▶ [Data excerpts]
=== Begin Enclosure ===

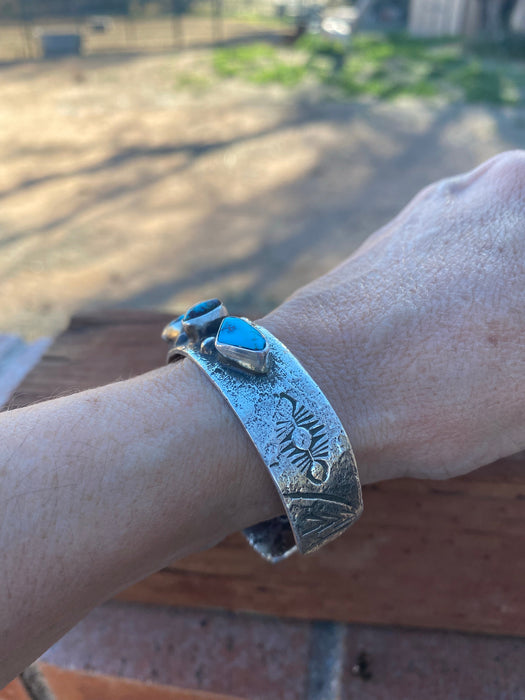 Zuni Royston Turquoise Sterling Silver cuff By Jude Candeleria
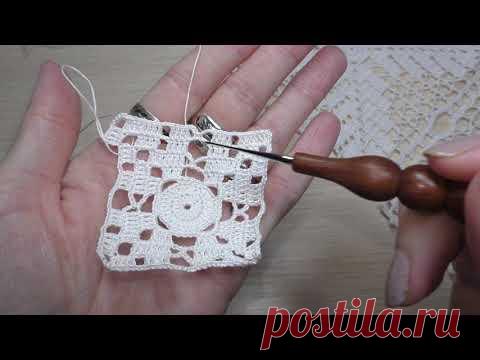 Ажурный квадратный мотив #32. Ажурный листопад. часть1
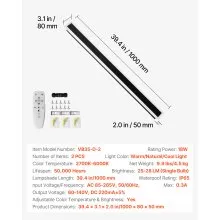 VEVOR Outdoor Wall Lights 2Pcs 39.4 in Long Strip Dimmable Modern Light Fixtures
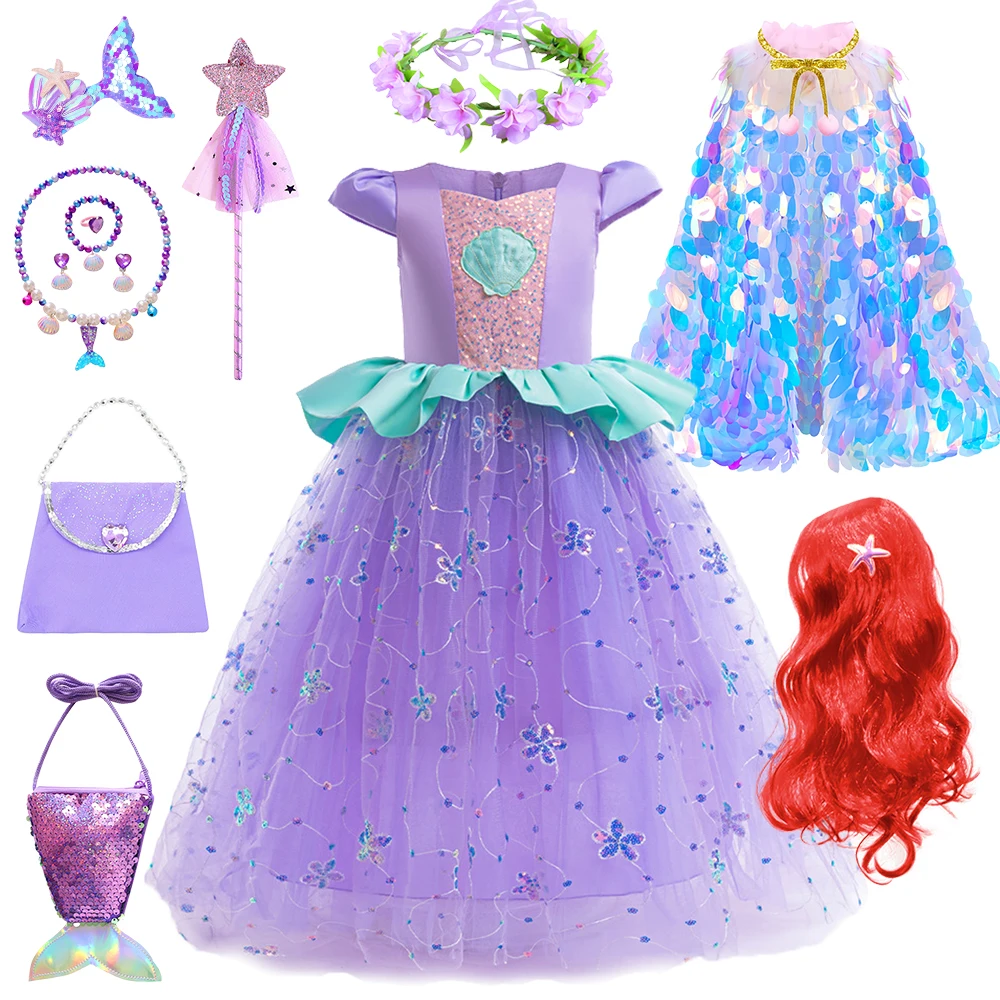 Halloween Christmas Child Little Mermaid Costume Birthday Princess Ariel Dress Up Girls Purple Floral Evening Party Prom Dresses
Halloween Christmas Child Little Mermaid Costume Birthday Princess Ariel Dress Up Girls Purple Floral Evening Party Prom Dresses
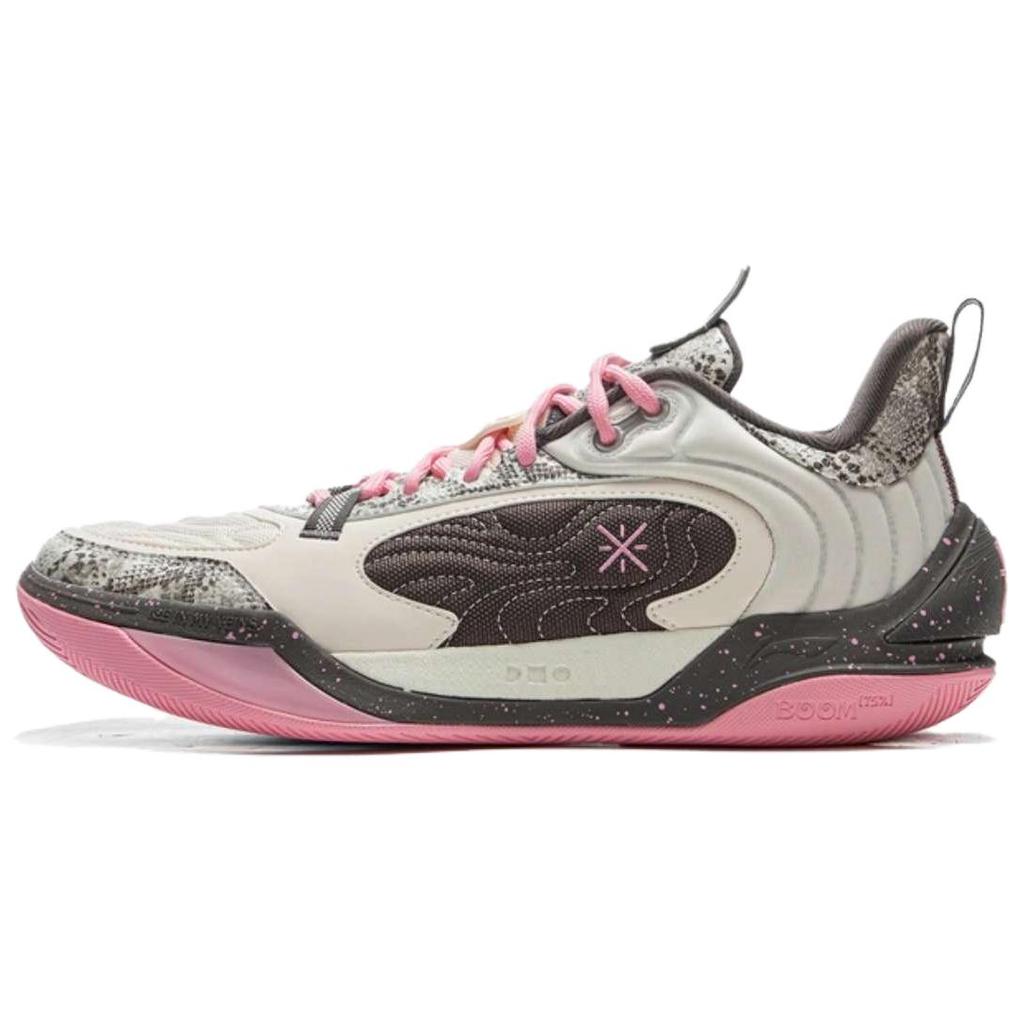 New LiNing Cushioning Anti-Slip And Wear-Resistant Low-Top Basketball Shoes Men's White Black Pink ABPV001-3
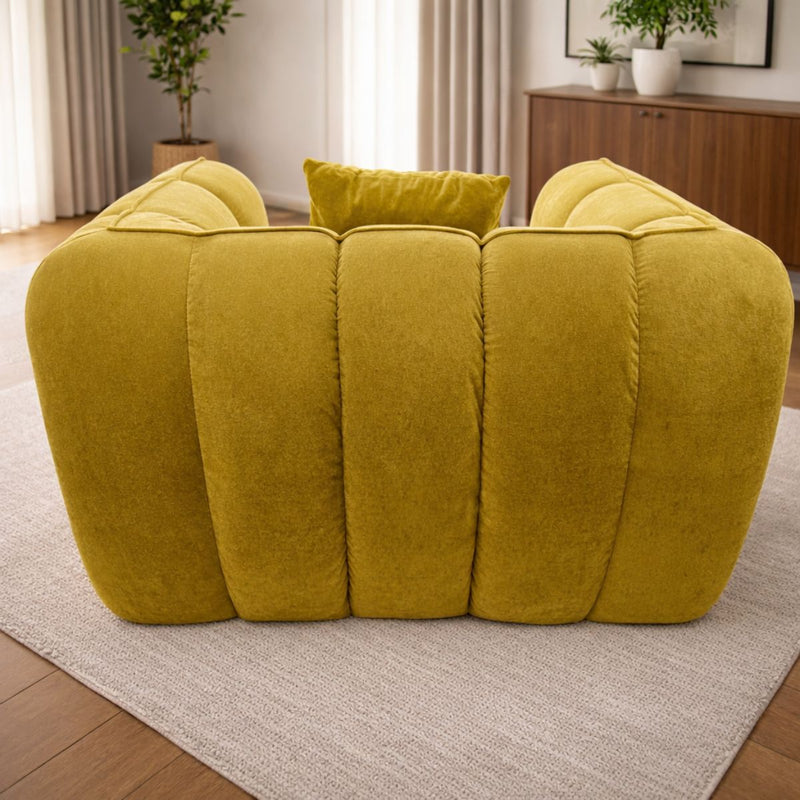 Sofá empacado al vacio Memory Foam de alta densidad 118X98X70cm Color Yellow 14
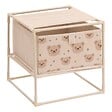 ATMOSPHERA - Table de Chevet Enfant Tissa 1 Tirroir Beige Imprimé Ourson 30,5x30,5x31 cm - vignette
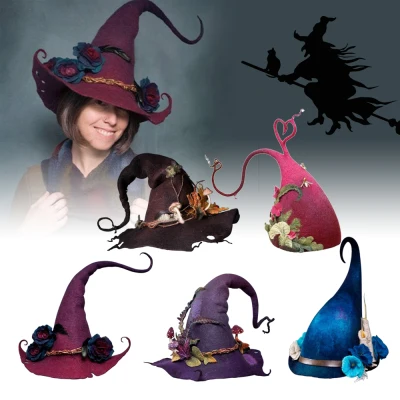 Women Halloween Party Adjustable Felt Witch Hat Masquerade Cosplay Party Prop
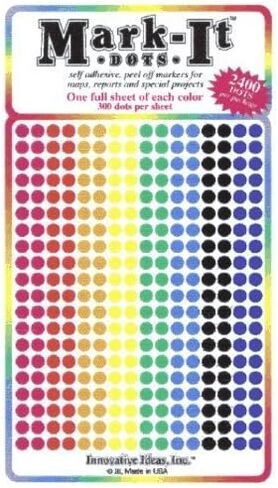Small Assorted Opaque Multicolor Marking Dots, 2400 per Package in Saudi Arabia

=== End Enclosure ===

▶ [Work instruction]
Although the records contain pictures, the copy should consist of their text alone, reproduced exactly.

▶ [Result]
 Zuni Royston Turquoise Sterling Silver cuff By Jude Candeleria
 Ажурный квадратный мотив #32. Ажурный листопад. часть1
 VEVOR Outdoor Wall Lights 2Pcs 39.4 in Long Strip Dimmable Modern Light Fixtures
 Halloween Christmas Child Little Mermaid Costume Birthday Princess Ariel Dress Up Girls Purple Floral Evening Party Prom Dresses
Halloween Christmas Child Little Mermaid Costume Birthday Princess Ariel Dress Up Girls Purple Floral Evening Party Prom Dresses
 New LiNing Cushioning Anti-Slip And Wear-Resistant Low-Top Basketball Shoes Men's White Black Pink ABPV001-3
 Sofá empacado al vacio Memory Foam de alta densidad 118X98X70cm Color Yellow 14
 ATMOSPHERA - Table de Chevet Enfant Tissa 1 Tirroir Beige Imprimé Ourson 30,5x30,5x31 cm - vignette
 Women Halloween Party Adjustable Felt Witch Hat Masquerade Cosplay Party Prop
Small Assorted Opaque Multicolor Marking Dots, 2400 per Package in Saudi Arabia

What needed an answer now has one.